Would you please repeat exactly the entries below, starting at the line with "Everybody believes we" and ending at the line with "These reporting guidelines", and nothing outside that range? Leave out the pictures.

######

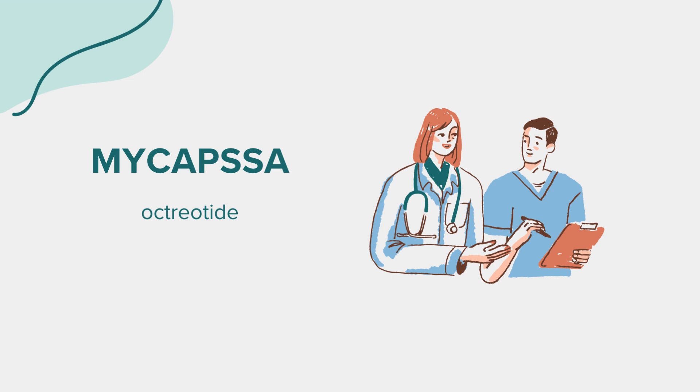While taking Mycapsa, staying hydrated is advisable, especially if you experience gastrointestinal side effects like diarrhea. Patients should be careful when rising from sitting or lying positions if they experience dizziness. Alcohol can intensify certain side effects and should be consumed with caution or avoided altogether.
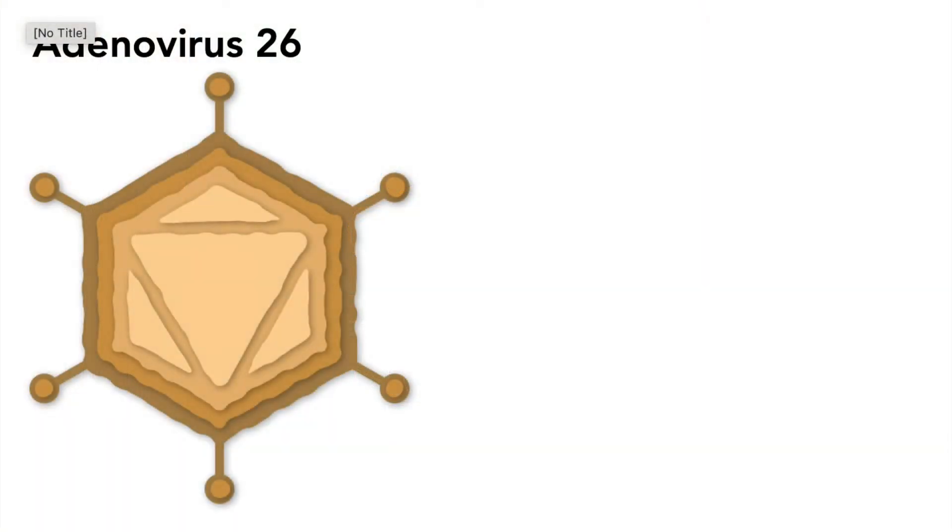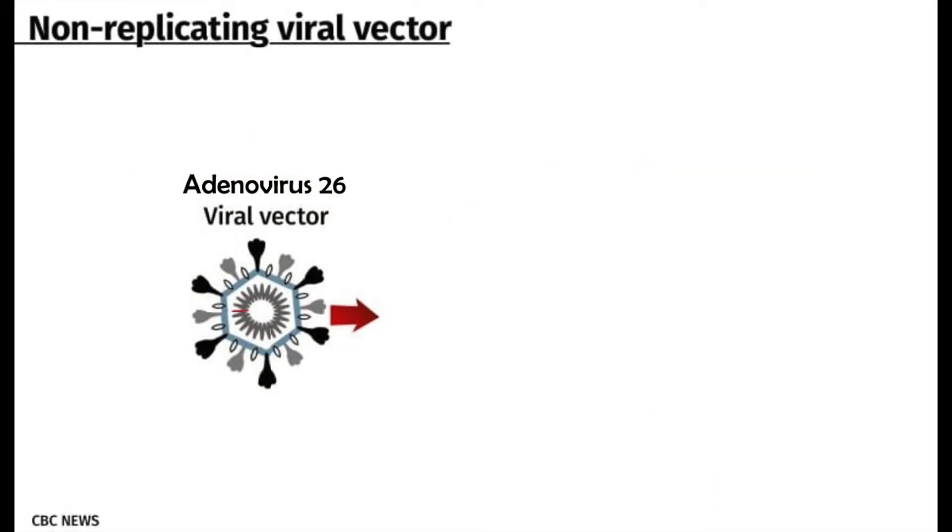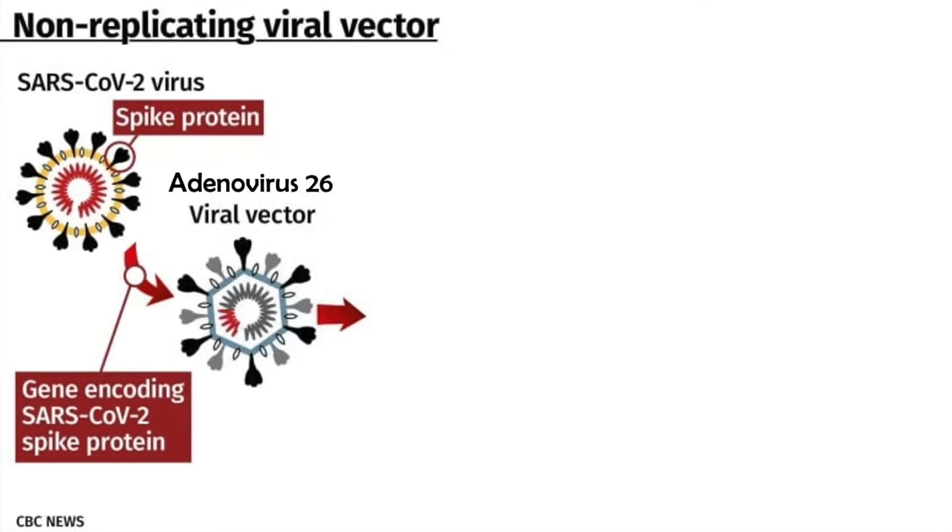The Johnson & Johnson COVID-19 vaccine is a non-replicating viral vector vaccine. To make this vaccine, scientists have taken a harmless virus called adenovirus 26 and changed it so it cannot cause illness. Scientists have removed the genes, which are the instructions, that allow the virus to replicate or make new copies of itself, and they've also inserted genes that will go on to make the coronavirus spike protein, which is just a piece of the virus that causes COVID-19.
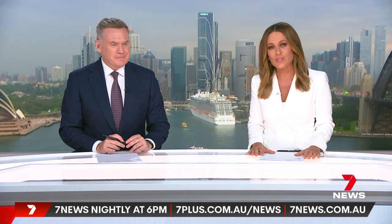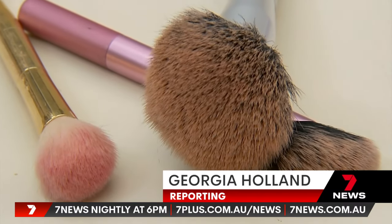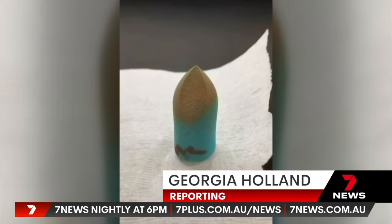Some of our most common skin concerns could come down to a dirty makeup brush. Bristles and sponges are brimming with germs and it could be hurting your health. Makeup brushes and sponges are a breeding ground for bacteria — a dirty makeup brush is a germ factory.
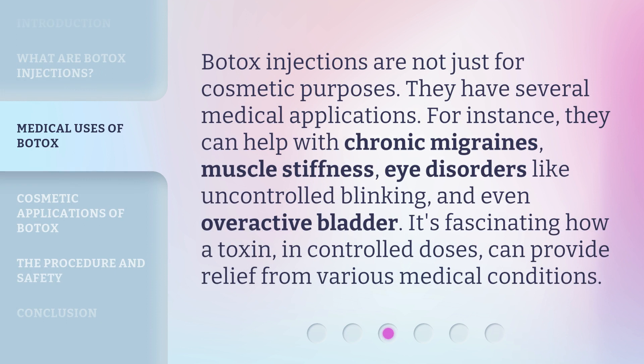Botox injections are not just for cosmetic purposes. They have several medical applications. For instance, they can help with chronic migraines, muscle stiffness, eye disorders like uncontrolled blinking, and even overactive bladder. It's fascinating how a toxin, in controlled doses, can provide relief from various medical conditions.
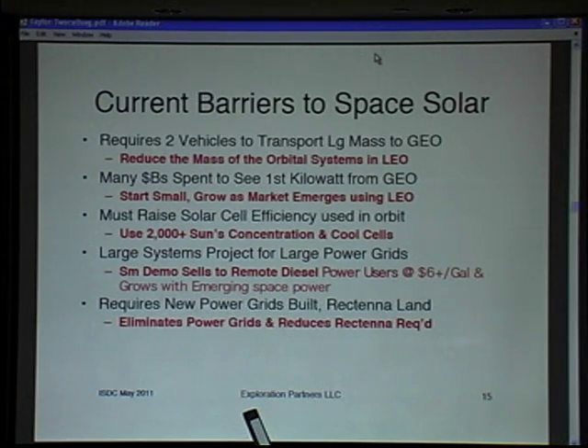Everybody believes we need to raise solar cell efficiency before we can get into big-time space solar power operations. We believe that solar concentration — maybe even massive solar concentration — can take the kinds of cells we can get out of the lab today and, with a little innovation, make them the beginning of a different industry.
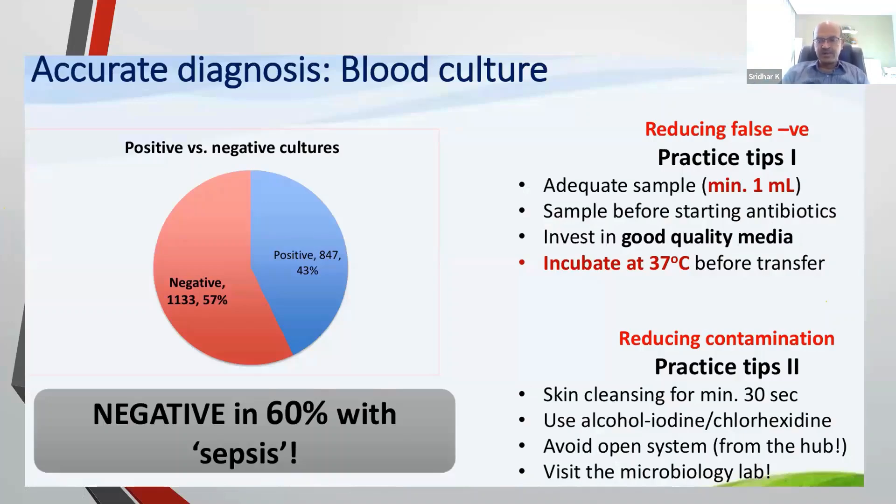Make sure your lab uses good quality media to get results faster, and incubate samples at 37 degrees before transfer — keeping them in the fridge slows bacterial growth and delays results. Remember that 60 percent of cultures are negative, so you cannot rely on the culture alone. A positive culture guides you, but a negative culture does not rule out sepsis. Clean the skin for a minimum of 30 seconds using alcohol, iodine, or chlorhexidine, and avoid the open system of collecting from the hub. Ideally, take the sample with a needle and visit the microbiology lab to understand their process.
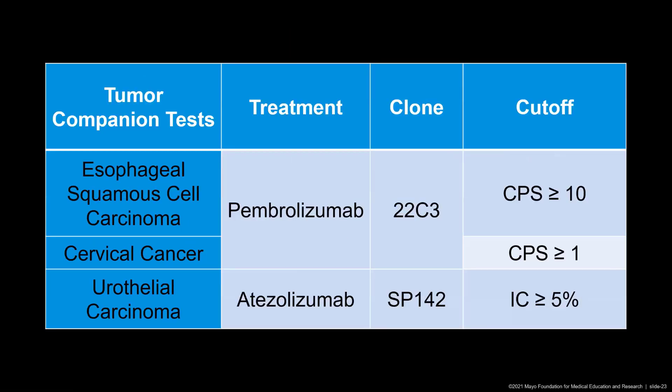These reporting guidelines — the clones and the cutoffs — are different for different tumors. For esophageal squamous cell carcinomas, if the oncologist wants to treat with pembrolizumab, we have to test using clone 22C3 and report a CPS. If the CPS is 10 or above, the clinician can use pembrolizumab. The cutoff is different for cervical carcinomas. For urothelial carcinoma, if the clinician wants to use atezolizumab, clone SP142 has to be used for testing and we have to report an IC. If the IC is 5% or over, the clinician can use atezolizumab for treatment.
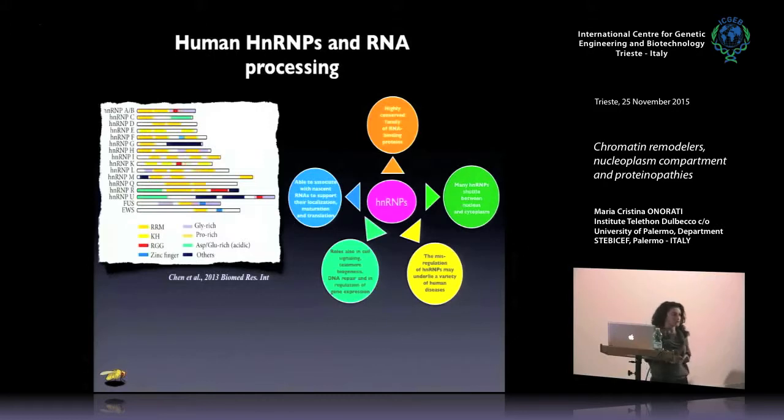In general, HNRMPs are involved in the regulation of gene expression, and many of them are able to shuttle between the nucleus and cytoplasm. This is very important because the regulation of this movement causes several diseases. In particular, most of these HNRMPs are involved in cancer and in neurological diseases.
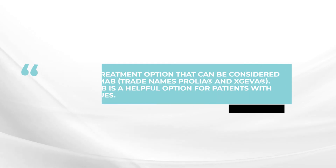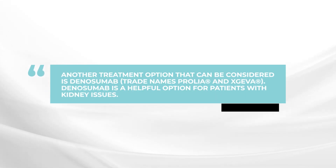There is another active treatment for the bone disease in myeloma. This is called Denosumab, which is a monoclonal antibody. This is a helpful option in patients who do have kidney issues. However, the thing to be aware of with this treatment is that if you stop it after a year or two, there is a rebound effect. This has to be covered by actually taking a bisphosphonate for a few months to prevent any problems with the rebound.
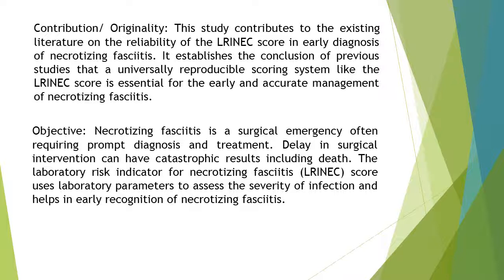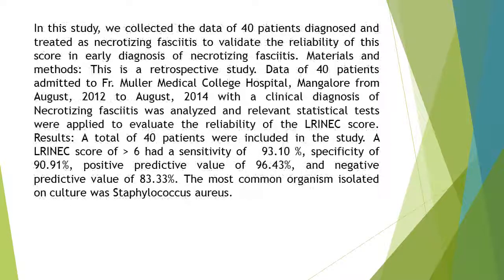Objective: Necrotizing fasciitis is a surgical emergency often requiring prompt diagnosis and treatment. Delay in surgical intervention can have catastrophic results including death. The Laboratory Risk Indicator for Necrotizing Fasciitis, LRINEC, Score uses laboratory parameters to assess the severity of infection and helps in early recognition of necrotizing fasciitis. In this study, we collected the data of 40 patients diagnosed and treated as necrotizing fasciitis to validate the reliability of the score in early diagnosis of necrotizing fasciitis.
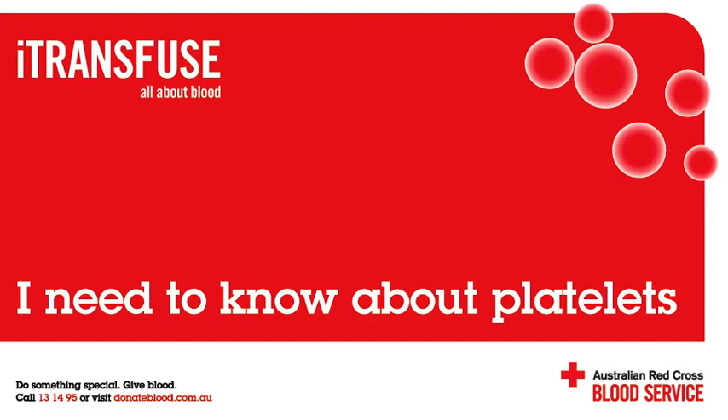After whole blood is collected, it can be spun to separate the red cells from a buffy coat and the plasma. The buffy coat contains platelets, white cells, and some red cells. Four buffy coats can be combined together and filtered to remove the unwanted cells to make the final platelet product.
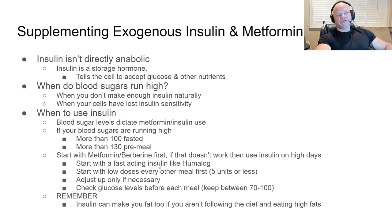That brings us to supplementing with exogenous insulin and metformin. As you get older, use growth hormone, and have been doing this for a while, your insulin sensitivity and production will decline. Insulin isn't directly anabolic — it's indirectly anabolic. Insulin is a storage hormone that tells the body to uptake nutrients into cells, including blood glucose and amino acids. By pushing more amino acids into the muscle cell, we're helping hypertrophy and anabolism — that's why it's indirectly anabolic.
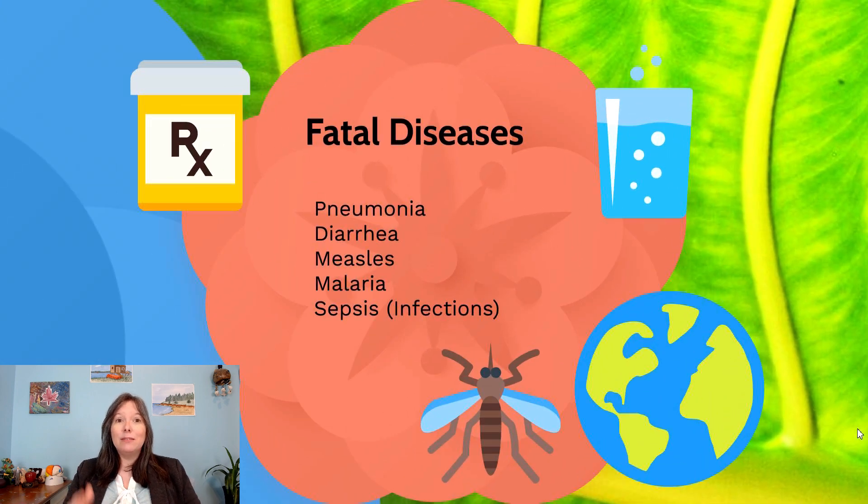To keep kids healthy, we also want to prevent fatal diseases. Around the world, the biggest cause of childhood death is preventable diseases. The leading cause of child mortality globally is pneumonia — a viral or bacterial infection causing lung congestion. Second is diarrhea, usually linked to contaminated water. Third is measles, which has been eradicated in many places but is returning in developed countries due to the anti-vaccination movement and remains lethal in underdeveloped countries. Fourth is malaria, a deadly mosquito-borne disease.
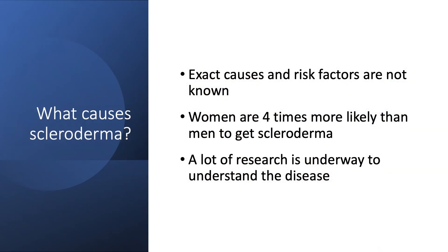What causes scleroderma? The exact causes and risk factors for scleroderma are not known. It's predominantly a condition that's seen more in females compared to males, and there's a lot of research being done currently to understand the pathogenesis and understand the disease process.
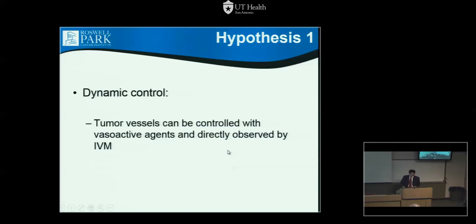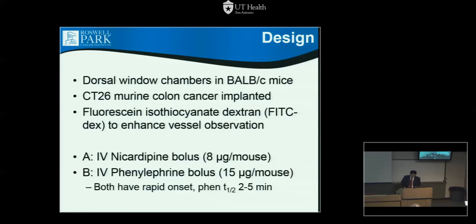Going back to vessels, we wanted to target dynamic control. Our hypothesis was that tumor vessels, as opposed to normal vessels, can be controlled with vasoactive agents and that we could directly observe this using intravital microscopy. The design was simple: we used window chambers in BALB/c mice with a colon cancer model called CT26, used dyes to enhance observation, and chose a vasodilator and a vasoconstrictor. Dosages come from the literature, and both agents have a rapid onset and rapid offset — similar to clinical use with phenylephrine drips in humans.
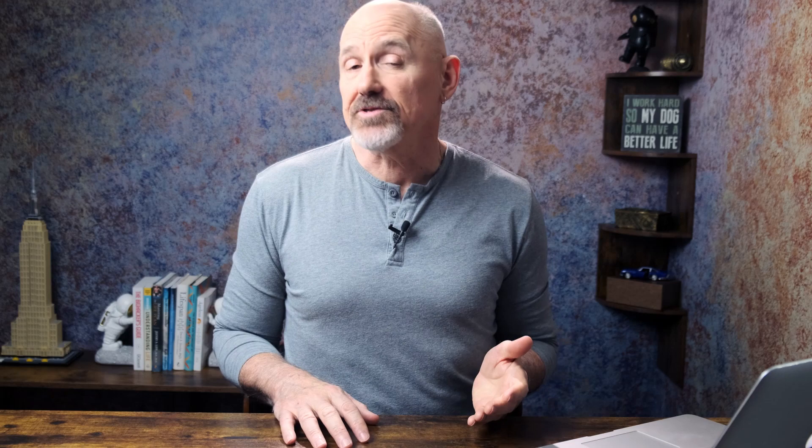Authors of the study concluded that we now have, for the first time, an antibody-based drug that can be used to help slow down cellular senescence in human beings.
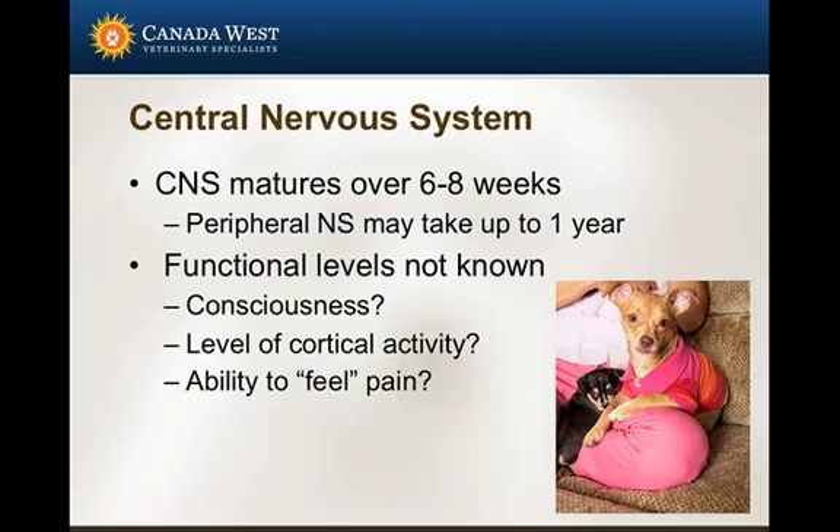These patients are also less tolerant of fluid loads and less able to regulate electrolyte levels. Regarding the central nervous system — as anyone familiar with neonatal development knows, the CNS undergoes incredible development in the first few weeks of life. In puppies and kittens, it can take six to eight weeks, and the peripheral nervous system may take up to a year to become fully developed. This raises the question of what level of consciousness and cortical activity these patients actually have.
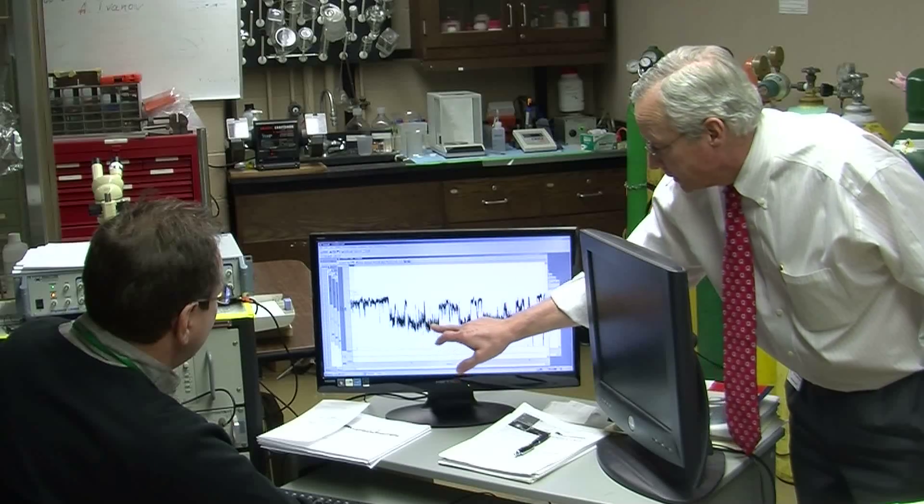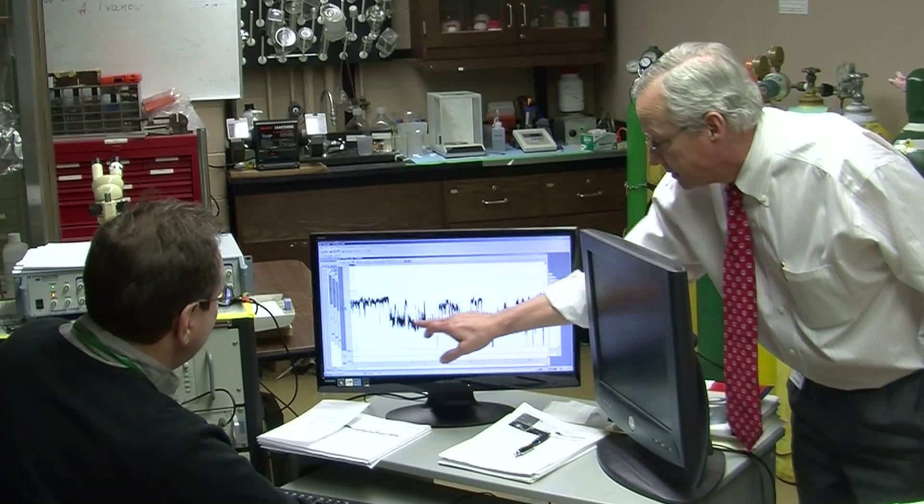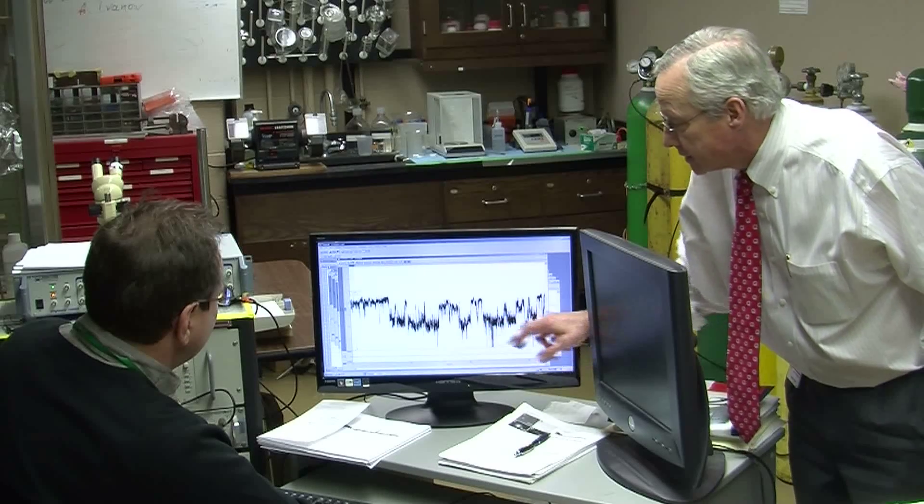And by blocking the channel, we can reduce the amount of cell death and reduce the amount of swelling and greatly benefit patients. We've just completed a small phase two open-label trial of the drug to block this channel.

######

Exercise output:
Everybody believes we need to raise solar cell efficiency before we can get into big-time space solar power operations. We believe that solar concentration — maybe even massive solar concentration — can take the kinds of cells we can get out of the lab today and, with a little innovation, make them the beginning of a different industry.
Make sure your lab uses good quality media to get results faster, and incubate samples at 37 degrees before transfer — keeping them in the fridge slows bacterial growth and delays results. Remember that 60 percent of cultures are negative, so you cannot rely on the culture alone. A positive culture guides you, but a negative culture does not rule out sepsis. Clean the skin for a minimum of 30 seconds using alcohol, iodine, or chlorhexidine, and avoid the open system of collecting from the hub. Ideally, take the sample with a needle and visit the microbiology lab to understand their process.
These reporting guidelines — the clones and the cutoffs — are different for different tumors. For esophageal squamous cell carcinomas, if the oncologist wants to treat with pembrolizumab, we have to test using clone 22C3 and report a CPS. If the CPS is 10 or above, the clinician can use pembrolizumab. The cutoff is different for cervical carcinomas. For urothelial carcinoma, if the clinician wants to use atezolizumab, clone SP142 has to be used for testing and we have to report an IC. If the IC is 5% or over, the clinician can use atezolizumab for treatment.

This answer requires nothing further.